Problem description: Would you repeat word for word the lines of the listing that follows, from the one with "A wall made of red old bricks" up to and including the one with "Members of the", and leave out the images?

Excerpted data:
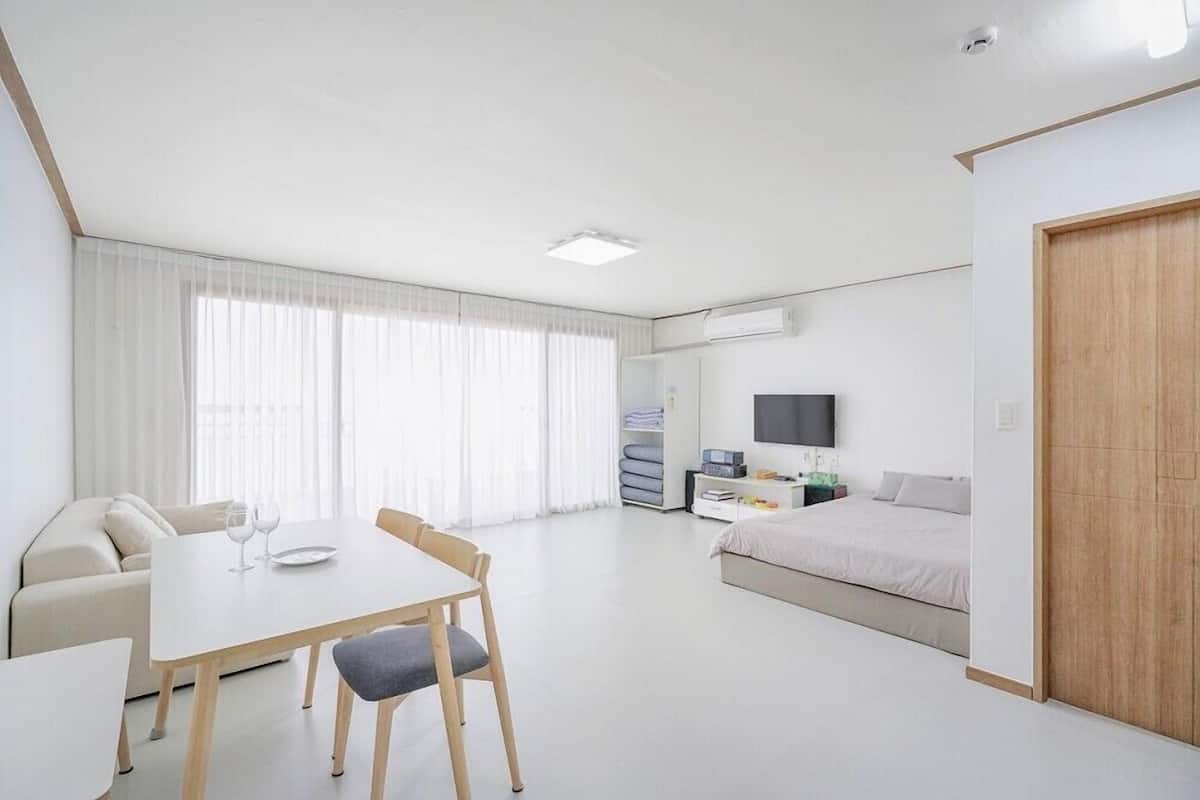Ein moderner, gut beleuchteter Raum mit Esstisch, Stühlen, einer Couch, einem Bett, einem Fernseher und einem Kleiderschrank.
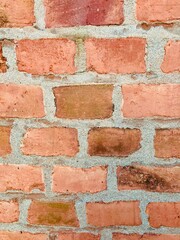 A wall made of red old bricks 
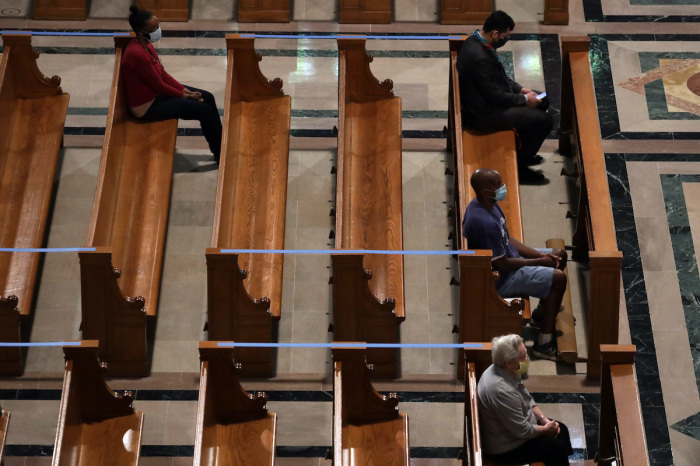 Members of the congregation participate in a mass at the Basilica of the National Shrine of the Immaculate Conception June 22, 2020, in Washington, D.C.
--
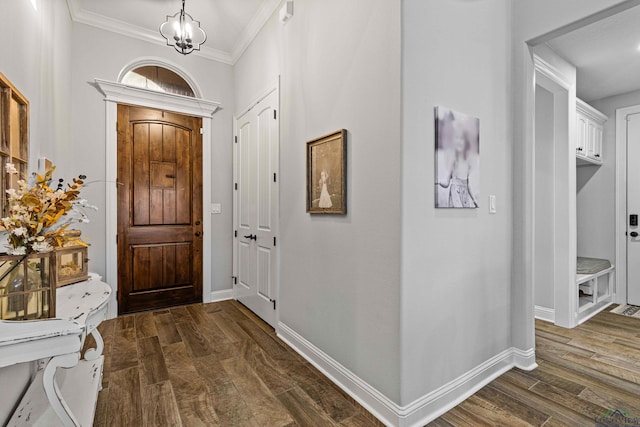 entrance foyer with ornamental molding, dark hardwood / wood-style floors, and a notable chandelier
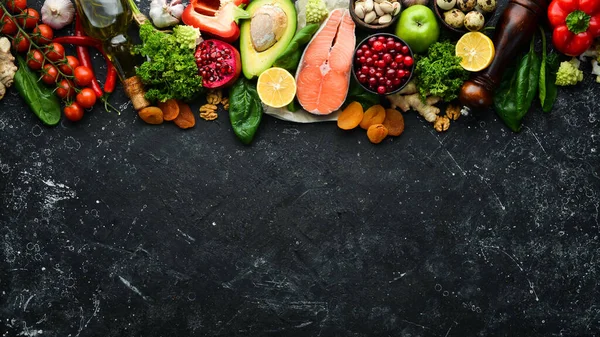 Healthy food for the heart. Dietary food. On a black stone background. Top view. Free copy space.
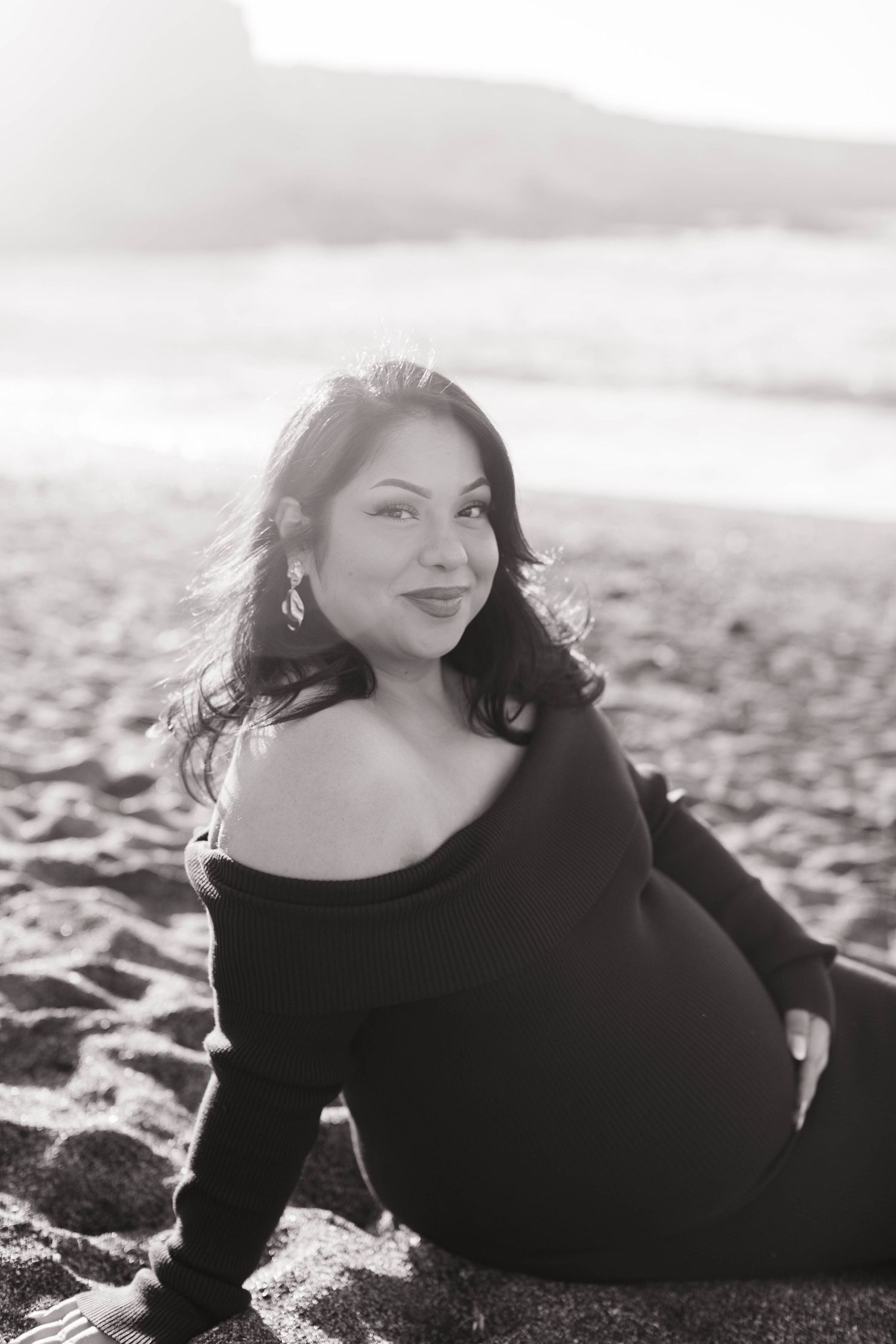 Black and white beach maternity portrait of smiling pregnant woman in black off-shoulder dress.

Solution for this exercise:
 A wall made of red old bricks 
 Members of the congregation participate in a mass at the Basilica of the National Shrine of the Immaculate Conception June 22, 2020, in Washington, D.C.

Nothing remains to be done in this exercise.